Visual inspection of the distribution of values in the dataset is the quickest way of establishing whether the data is normally distributed:
df <- data.frame(columnA = c(0.333, 0.235, -0.111),
columnB = c(0.231, -0.114, -0.234),
columnC = c(-0.123, -0.034, 0.442))
# Convert dataframe to vector (with loss of data structure information)
vec <- as.vector(t(df))
vec
# [1] 0.333 0.231 -0.123 0.235 -0.114 -0.034 -0.111 -0.234 0.442
hist(vec)
An alternative to the above using data.table to transform the data before plotting in order to retain data structure information:
library(data.table)
df <- data.frame(columnA = c(0.333, 0.235, -0.111),
columnB = c(0.231, -0.114, -0.234),
columnC = c(-0.123, -0.034, 0.442))
# Convert to data.table
dt <- as.data.table(df)
# Pivot long (columns to rows)
dt <- melt(dt)
# variable value
# 1: columnA 0.333
# 2: columnA 0.235
# 3: columnA -0.111
# 4: columnB 0.231
# 5: columnB -0.114
# 6: columnB -0.234
# 7: columnC -0.123
# 8: columnC -0.034
# 9: columnC 0.442
hist(dt$value)
Alternatively you can use statistical description to contribute to your interpretation of whether the data is normally distributed or not, e.g. when data is normally distributed we expect the mean, median and mode to be approximately the same:
# Values are continuous so it is necessary to bin the data to calculate the mode
# The hist function does this for us
plt <- hist(dt$value)
# The mode is a bin range
mode <- paste0("(",
plt$breaks[which(plt$counts==max(plt$counts), arr.ind=T)],
", ",
plt$breaks[(which(plt$counts==max(plt$counts), arr.ind=T) + 1)],
"]")
# Summarise mean and median and add mode to data displayed
dt[, .(mean=mean(value), median=median(value))
][, lapply(.SD, round, 3)
][, .(mean, median, mode)]
# mean median mode
# 1: 0.069 -0.034 (-0.2, -0.1]
You need to interpret the numbers (and their approximate difference or lack thereof) to determine whether the data is normally distributed.
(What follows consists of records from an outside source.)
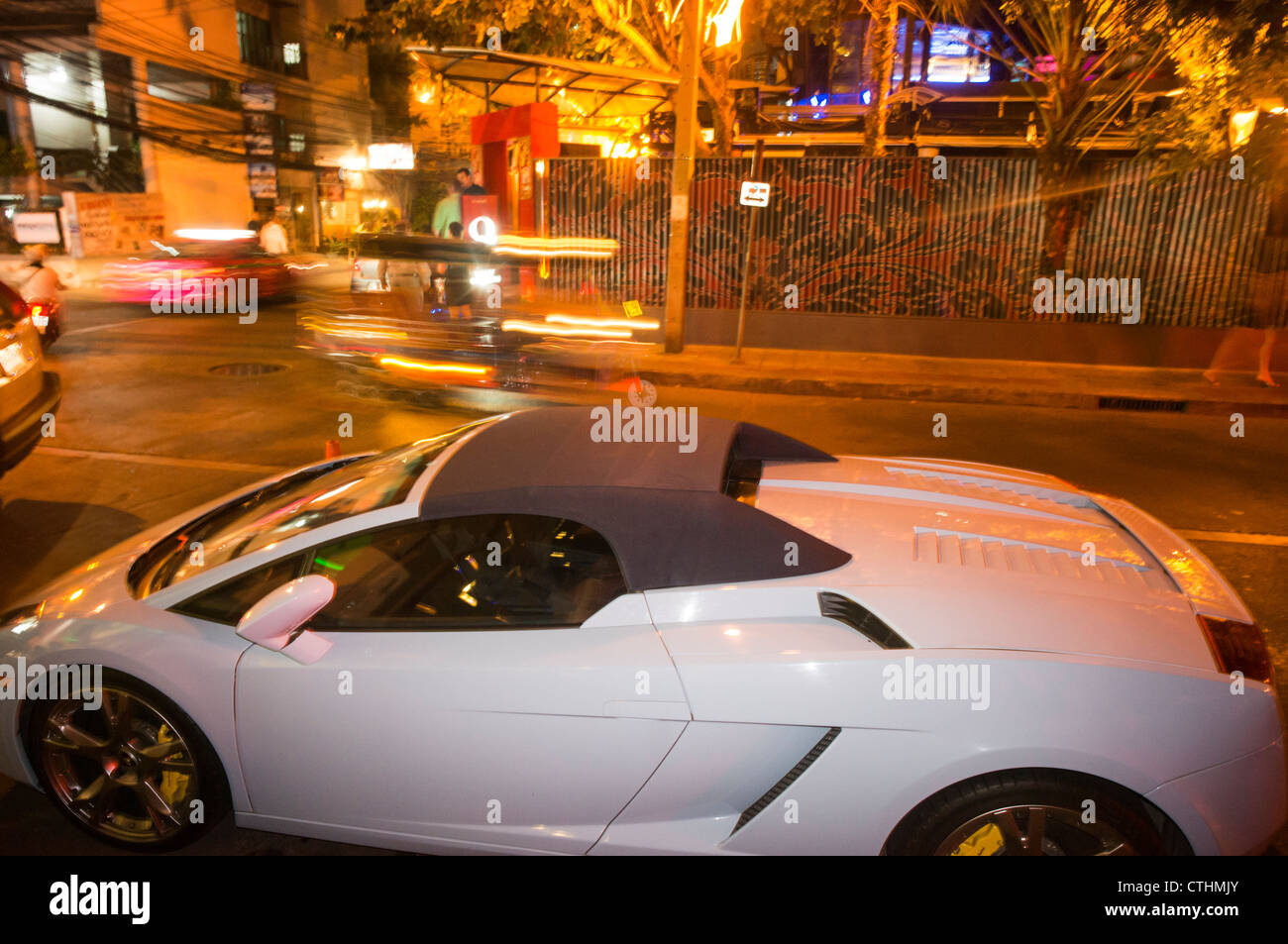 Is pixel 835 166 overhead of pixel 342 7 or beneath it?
beneath

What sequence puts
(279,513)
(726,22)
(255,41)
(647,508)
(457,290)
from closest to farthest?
(647,508) → (279,513) → (457,290) → (726,22) → (255,41)

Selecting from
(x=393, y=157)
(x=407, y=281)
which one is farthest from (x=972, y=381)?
(x=393, y=157)

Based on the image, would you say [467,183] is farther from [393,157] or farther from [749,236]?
[393,157]

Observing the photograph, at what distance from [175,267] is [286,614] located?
1698 cm

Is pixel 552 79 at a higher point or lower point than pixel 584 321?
higher

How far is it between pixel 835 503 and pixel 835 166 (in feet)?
39.7

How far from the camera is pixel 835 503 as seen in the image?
3.30 m

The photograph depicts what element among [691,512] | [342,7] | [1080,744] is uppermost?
[342,7]

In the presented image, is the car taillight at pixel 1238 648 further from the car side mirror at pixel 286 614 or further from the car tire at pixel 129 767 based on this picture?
the car tire at pixel 129 767

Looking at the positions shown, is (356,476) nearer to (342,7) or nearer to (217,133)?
(217,133)

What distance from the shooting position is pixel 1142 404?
10930 millimetres

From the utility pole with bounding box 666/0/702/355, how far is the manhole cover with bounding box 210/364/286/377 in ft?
18.1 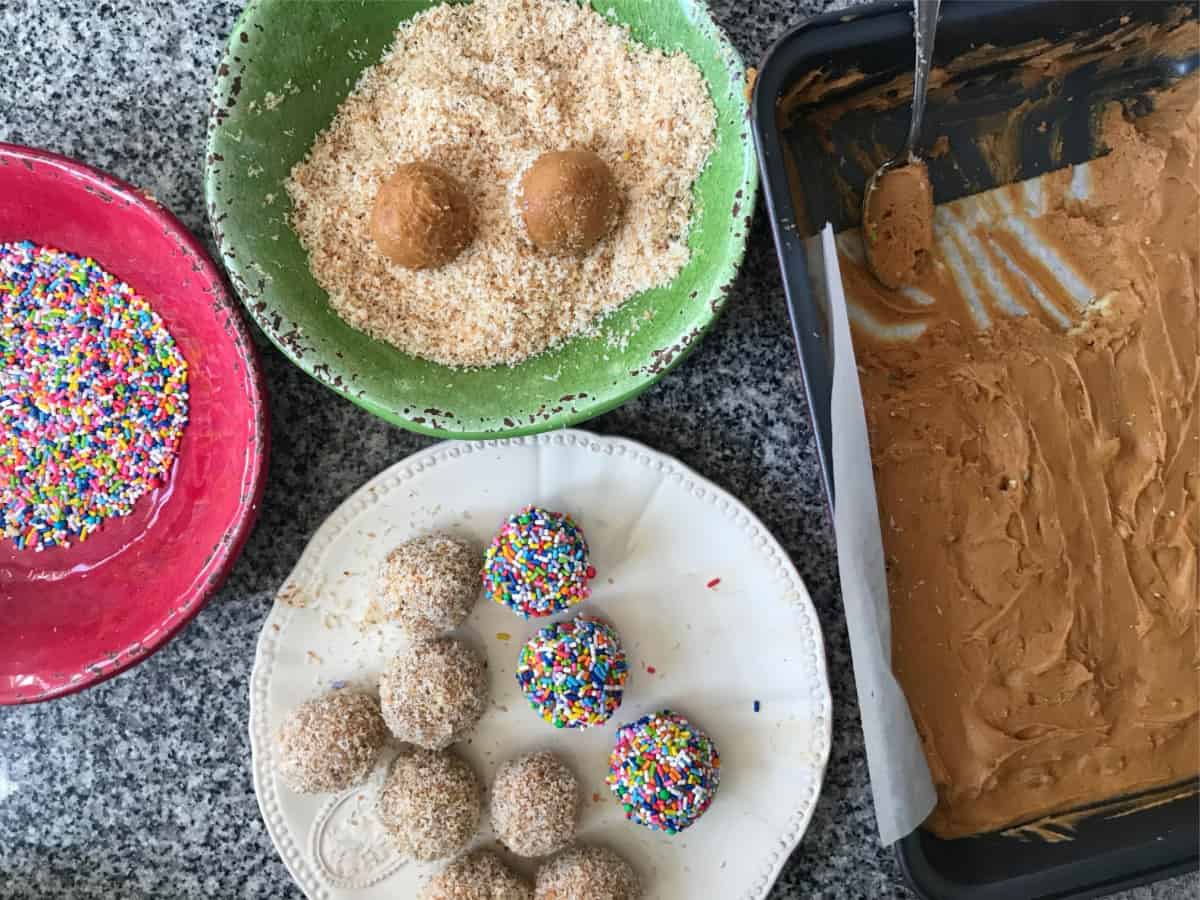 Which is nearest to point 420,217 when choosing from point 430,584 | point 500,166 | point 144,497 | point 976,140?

In theory you could try to use a chi-square goodness of fit test to compare your empirical data with a simulation of data generated randomly from the random distribution using the parameters of your sample but you would need to think through several questions (e.g. how many breaks do I need to bin my data into, how many records are a good number of records to ensure the bins are not empty due to low sample size but not so high that it would make the chi square over sensitive etc.).
There are other measures (e.g. skew, kurtosis, overdispersion) that you could also consider.